Despite a strong push to maintain millions in funding for three key highway expansion projects on Highway 99 and Highway 46, Caltrans delivered a simple message to the San Joaquin Valley.
You’ll get your money now, but but you’ll still be waiting on wider roads.
During a special meeting in the Fresno County Board of Supervisors chambers on Friday, before a single Valley voice could be heard on the subject, Caltrans officials announced the agency was restoring $23 million of $32 million in proposed cuts to Highways 99 and Highway 46 expansion projects.
Just a month ago, the agency’s 2020 Interregional Transportation Improvement Program report – which proposed the $32 million in cuts to the two highways – was pilloried by Valley legislators, local elected officials, and even commissioners on the California Transportation Commission.
That last group of individuals, arguably, matters more than the first two. Ultimately, it is the Transportation Commission that approves Caltrans’ plan in coordination with regional plans offered up by local agencies.
It didn’t take long for agency officials to admit they had an optics problem, as Gov. Gavin Newsom continues promoting Valley renewal during regular appearances in inland California.
At the outset of Friday’s meeting in Fresno, Caltrans finance director Bruce DeTerra said that it was revising its plan and restoring $23,004,000 in funding for three projects:
- Widening Highway 99 to six lanes south of the City of Madera – from Avenue 7 to Avenue 12.
- Widening Highway 99 to six lanes from Avenue 200 to Prosperity Avenue in the City of Tulare.
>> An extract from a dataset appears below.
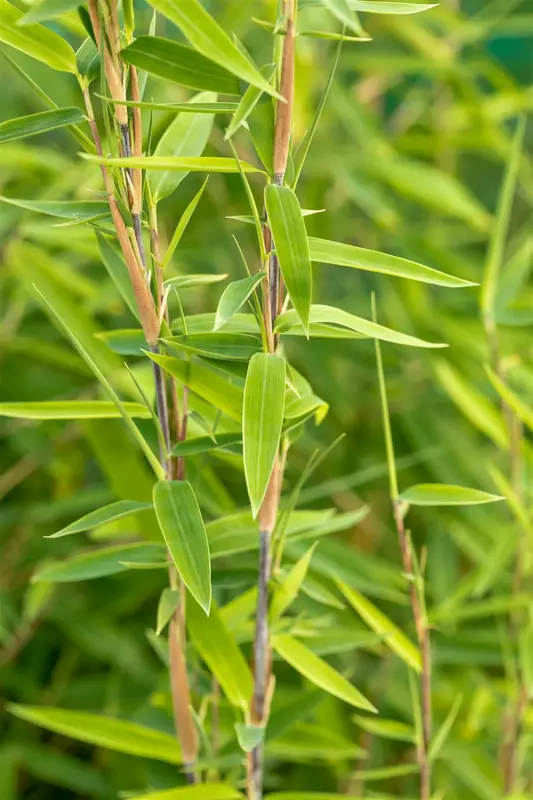 fargesia nitida 'volcano' (100-125 cm) - afbeelding 3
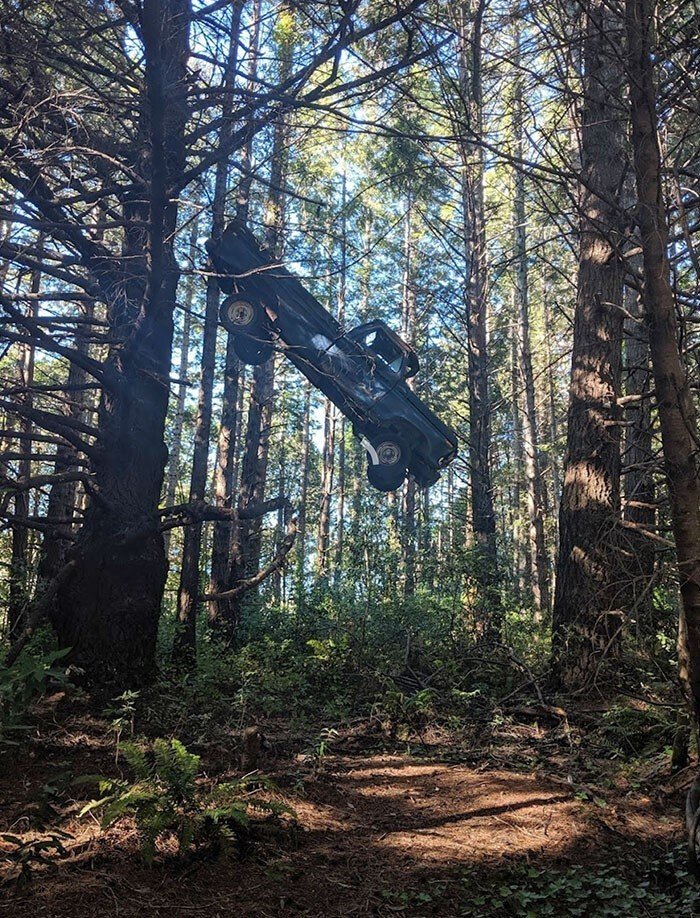 Unexpected Finds In The Woods (21 pics) Unexpected Finds In The Woods (21 pics)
- Widen Highway 46 to four lanes east from the Highway 41/46 wye intersection to the Kern County line.
Local leaders didn’t shy away from reminding Transportation commissioners of the dire needs for both the San Joaquin Valley’s thoroughfare and its connection to the Central Coast.
Assemblyman Jim Patterson (R–Fresno) made a particular point to tie-in Gov. Gavin Newsom’s support for Highway 99 as a “top priority.”
“Our question is: will the actions of this department and the oversight of this commission in keeping with the expressed support for 99 by the governor, and whether or not, those of you who are appointed or employed by this Governor give a damn as well,” Patterson told commissioners on Friday. “This is important to us.”
Despite the funding victory, there’s a catch: Valley residents won’t be seeing new lanes on these stretches of Highway 99 or Highway 46 until 2027, at the earliest, according to the latest Caltrans projections.
It’s worth noting that nearly all of the $23 million restored via Caltrans is set for pre-construction costs on the three projects.
Some of the funding for the Highway 46 project will go toward securing rights of way – i.e. land – for the additional lanes toward the Kern County line along the Antelope Grade.
As for the two Highway 99 projects? The funding restored for both projects will go toward the early stages of planning, developing specifications, and generating estimates for construction.